Aim of the task
Any image in the records is to be skipped; everything else should be reproduced exactly.

Material provided
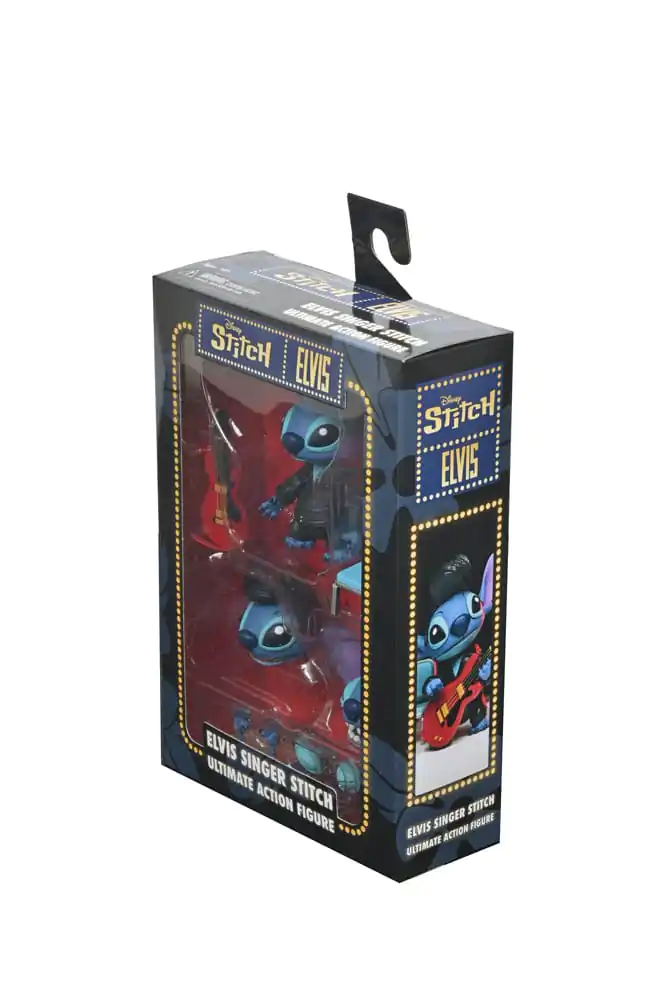 Lilo & Stitch Action Figure Ultimate Singer Elvis Stitch 7 cm / Akční figurka fotografii produktu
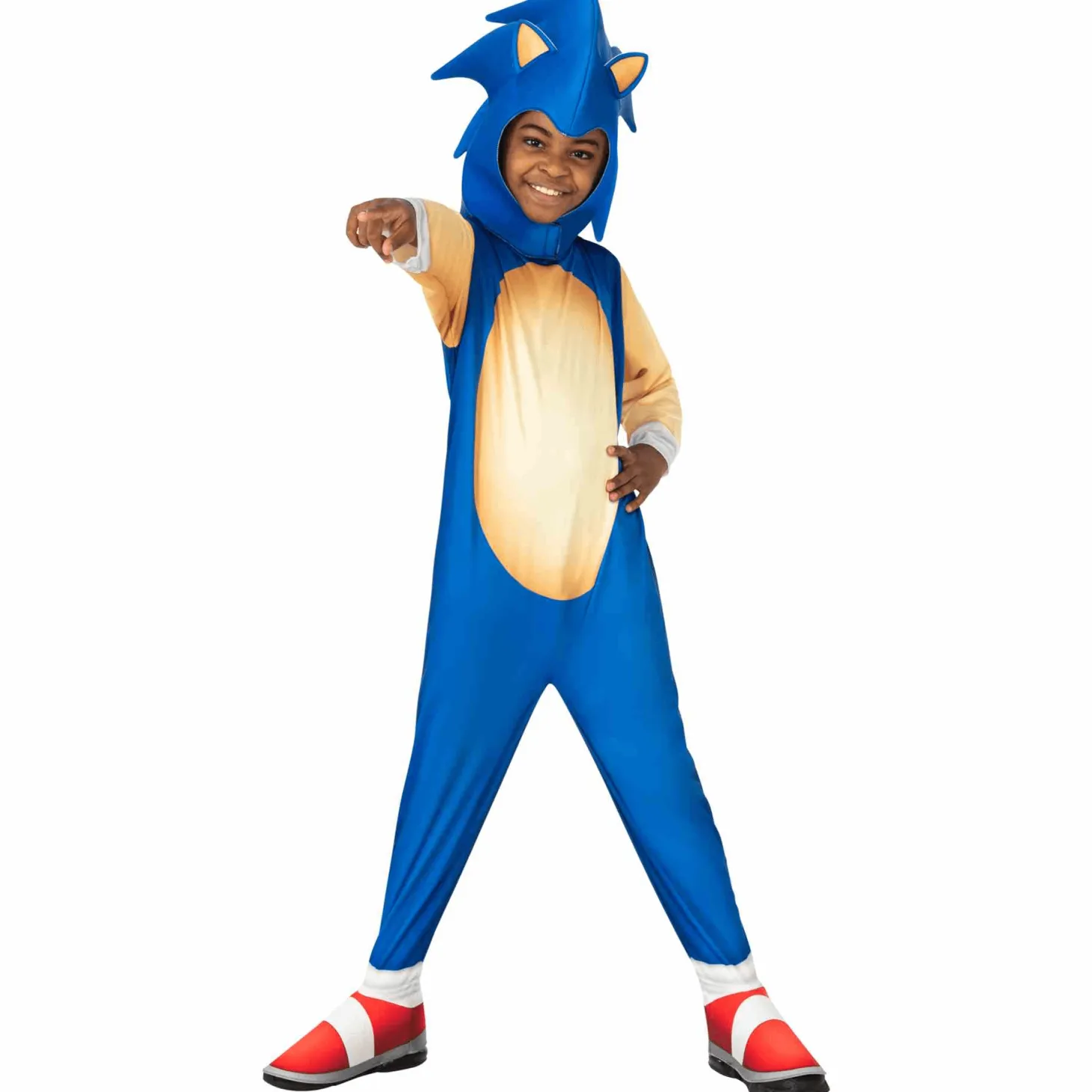 Disfraz de Sonic The Hedgehog Infantil 5-6años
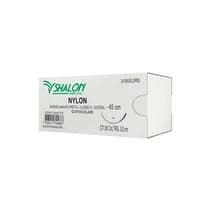 Fio de Sutura Nylon com Agulha 1/2 CT 1,5cm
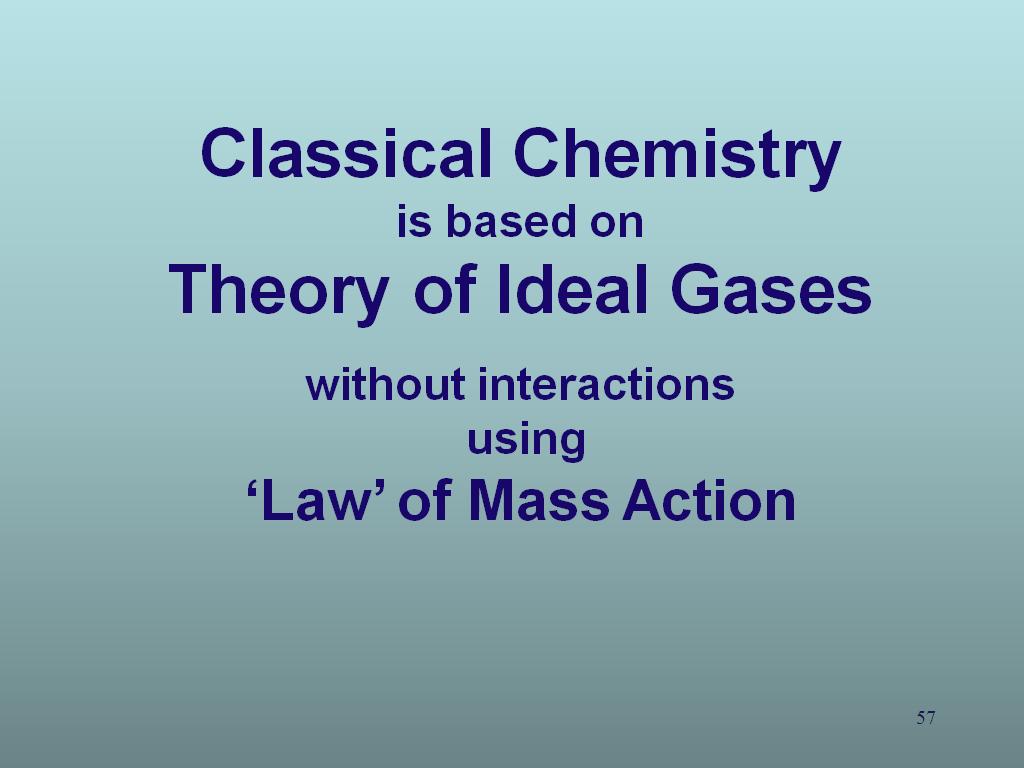 Theory of Ideal Gases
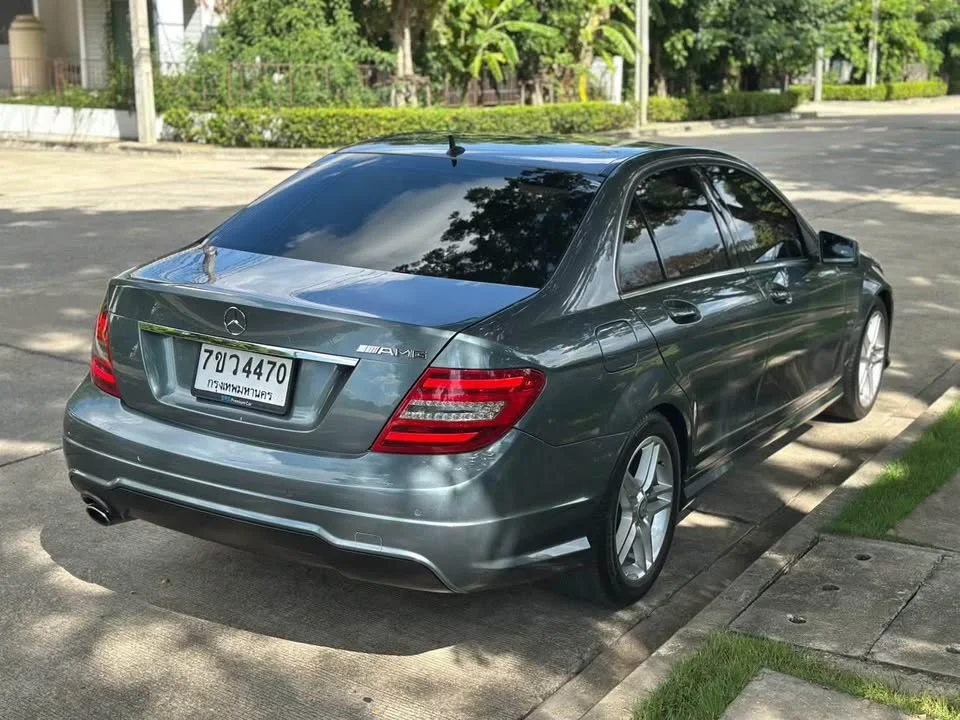 2012 Benz C-Class W204 3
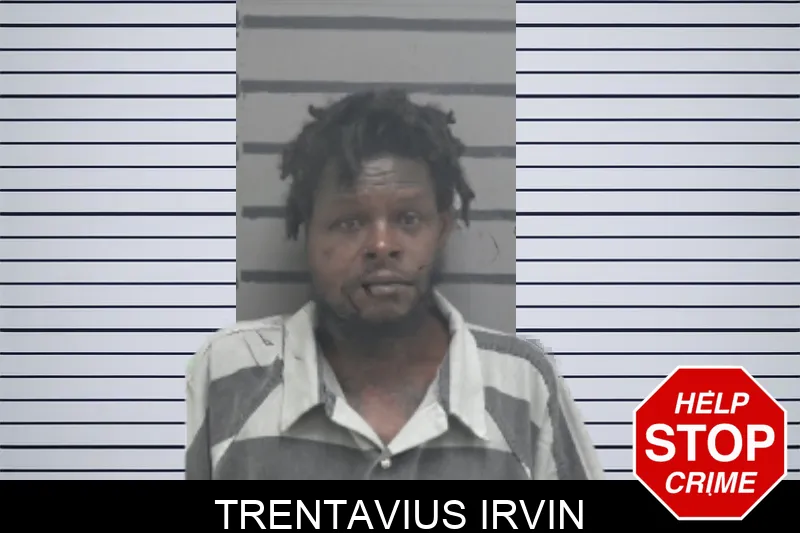 Trentavius Irvin mugshot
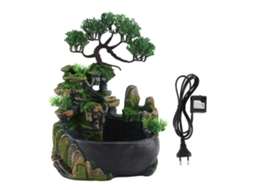 Fontainha de Mesa Cascata Zen Meditação com Água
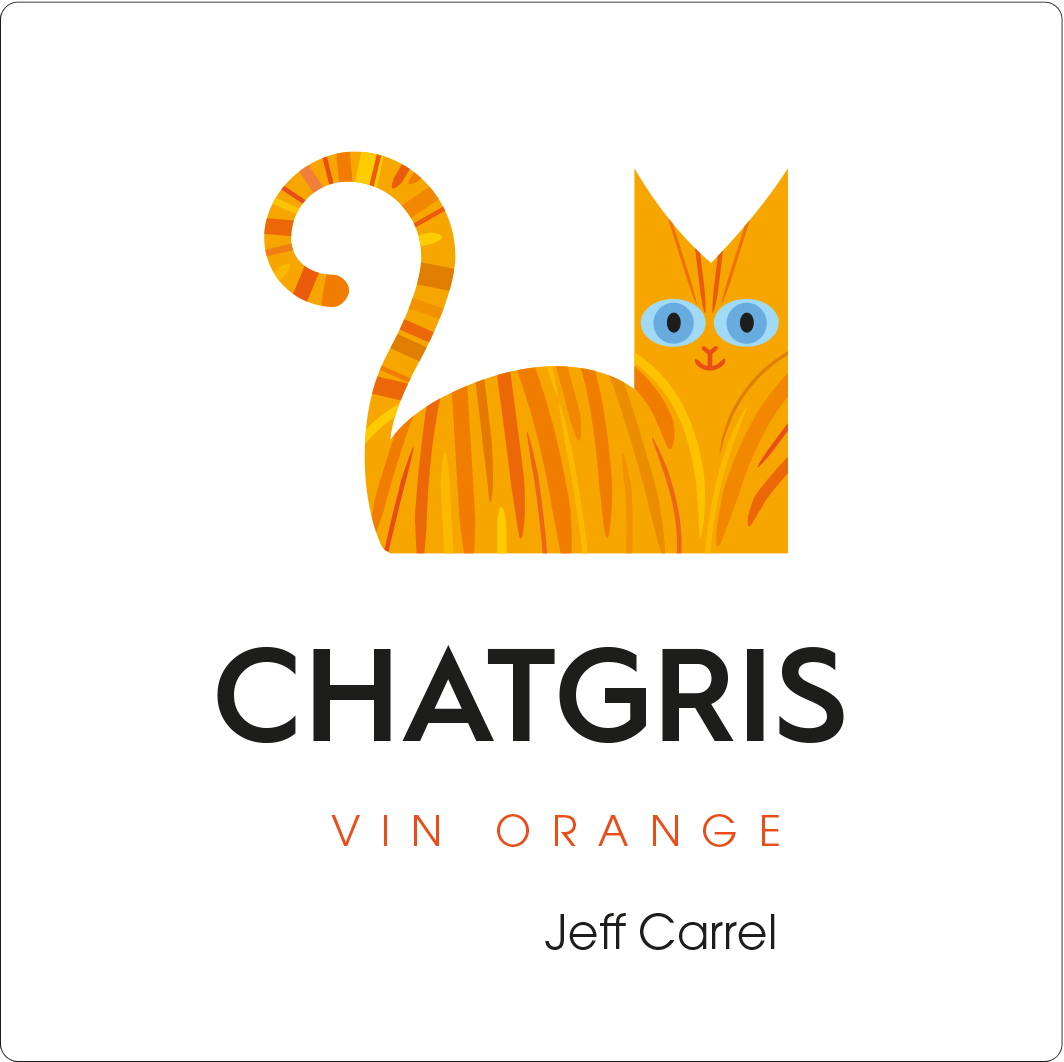 Vin de Cinsault by Jeff Carrel Etiquette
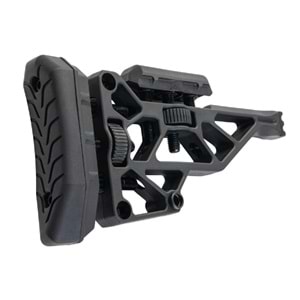 Silverback TAC 41 LS Lite Sport Version Chassis & Katlanır Dipçik Airsoft Bolt Action Tüfek (Siyah)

Answer to the problem
 Lilo & Stitch Action Figure Ultimate Singer Elvis Stitch 7 cm / Akční figurka fotografii produktu
 Disfraz de Sonic The Hedgehog Infantil 5-6años
 Fio de Sutura Nylon com Agulha 1/2 CT 1,5cm
 Theory of Ideal Gases
 2012 Benz C-Class W204 3
 Trentavius Irvin mugshot
 Fontainha de Mesa Cascata Zen Meditação com Água
 Vin de Cinsault by Jeff Carrel Etiquette
 Silverback TAC 41 LS Lite Sport Version Chassis & Katlanır Dipçik Airsoft Bolt Action Tüfek (Siyah)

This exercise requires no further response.